Five years is a long time. Wars are fought and finished in that time. Huge buildings are constructed in that time. Children grow from tiny babies to annoying kids in that time. The Stone Roses even made a second album in that time. On the internet, five years is an eternity. Empires rise and fall in that time.
Back in 2005, there was no Twitter and Facebook was still for university students. There was no iPhone and people still referred to Windows Vista as Longhorn. Yet if you checked bit-tech
in 2005, it looked largely as it does today. Here's ex-editor Wil's piece
on the last redesign.
Over the years, we've made a few changes - adding a blog and a podcast, some links to Dennis sites - but essentially, the site looked the same. While the site has carried on, a lot has changed, both in terms of what we cover and what happens behind the scenes. We're now writing a much wider variety of article types, so while we do still have massive reviews of motherboards and graphics cards, we've upped the amount of games coverage we run, and of course, there are shorter and more opinionated pieces on the blog.
In fact, we're writing more in general, and the fact the old bit-tech
front page couldn't show any more than ten main articles was quite frustrating. Then there's the fact that web advertising has moved on; five years ago, skyscraper ads were great. These days, MPUs and site takeovers are the norm, and the old site didn't support them that well.
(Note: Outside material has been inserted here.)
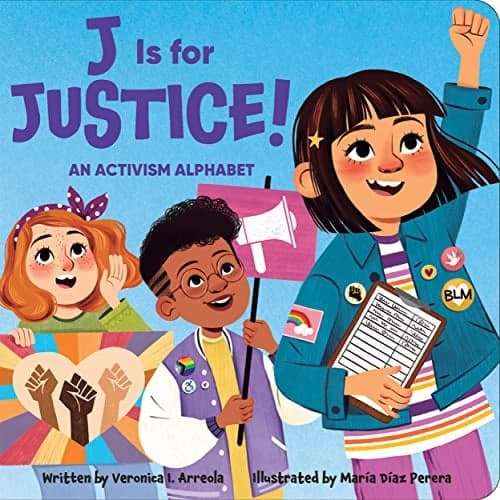 Cover of J Is for Justice! An Activism Alphabet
Behind the scenes, things have changed, too - in 2008, bit-tech
was bought by Dennis, and we spent much of 2009 figuring out how bit-tech
and Custom PC could work well together. We feel like we've cracked it now, and 2009 was great for us in terms of business, meaning we could hire staff and explore new projects such as Rich moving to the Far East
to be our man in Taiwan.
All this meant now was the ideal time to redesign. The team had been looking at a redesign in 2008, but the Dennis buyout meant it shifted to the backburner. We started with those designs, and Jamie, bit-tech
's developer - yes, this site is built and maintained by one man - got a new beta working remarkably quickly. We then started inviting readers to test it, and ended up with over 100 people helping out. We took in their feedback and refined the site over the past three weeks, and today it's finally ready to launch.